> **Assigned task**: For the material below, reproduce exactly each line from the one that has "Air Jordan 3 Retro Crimson Shoes" through the one that has "Świecący wlot powietrza", and no others; pictures stay out.

> **Exercise input**:
==================================================
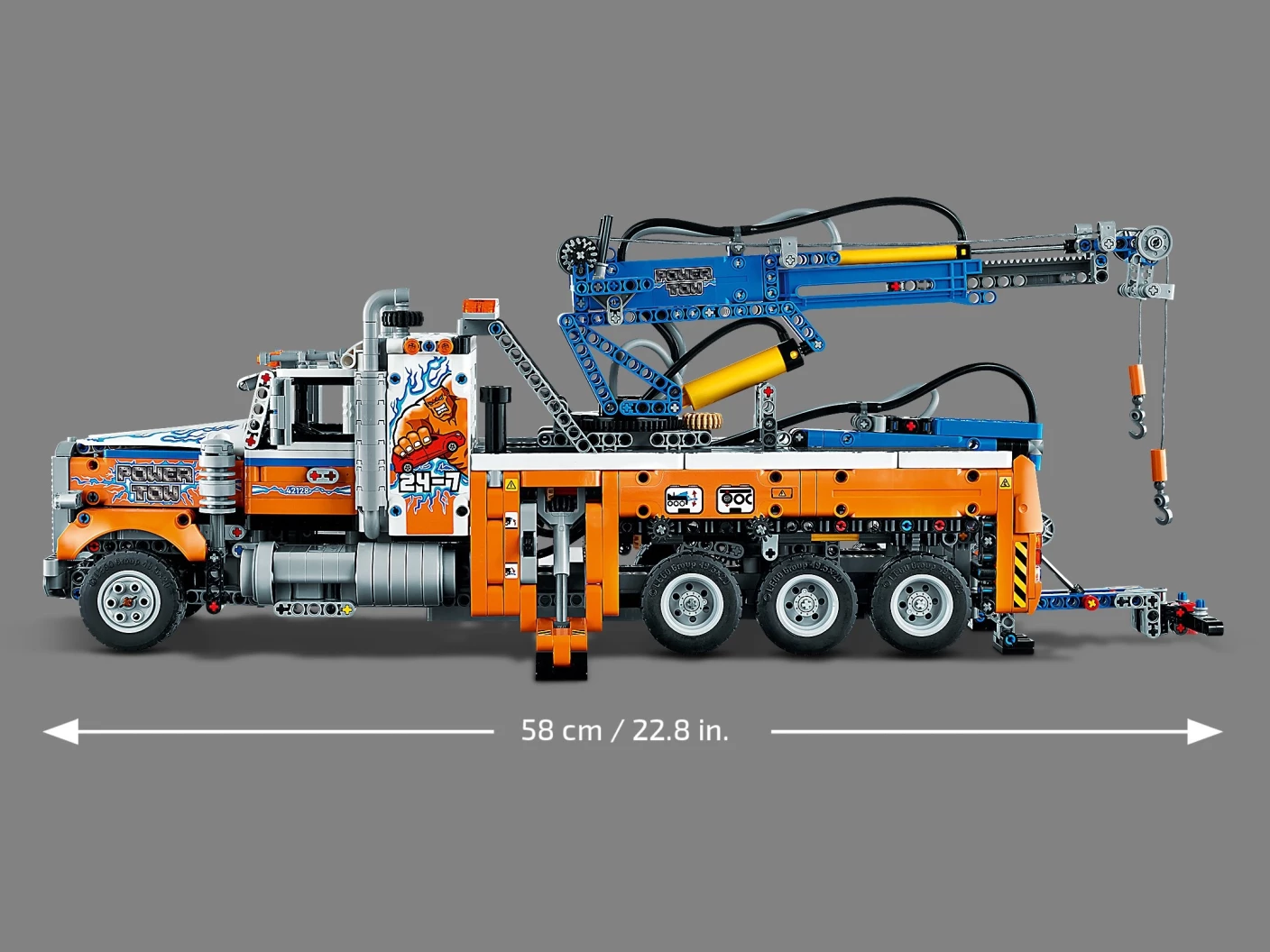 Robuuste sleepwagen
==================================================
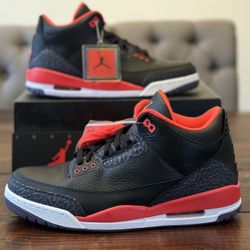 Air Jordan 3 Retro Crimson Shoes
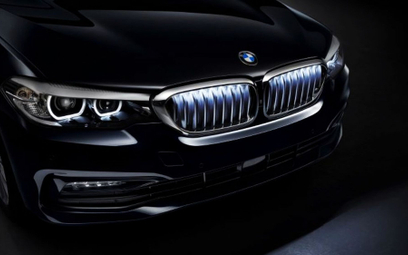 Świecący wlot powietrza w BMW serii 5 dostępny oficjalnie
==================================================
> **Exercise result**:
 Air Jordan 3 Retro Crimson Shoes
 Świecący wlot powietrza w BMW serii 5 dostępny oficjalnie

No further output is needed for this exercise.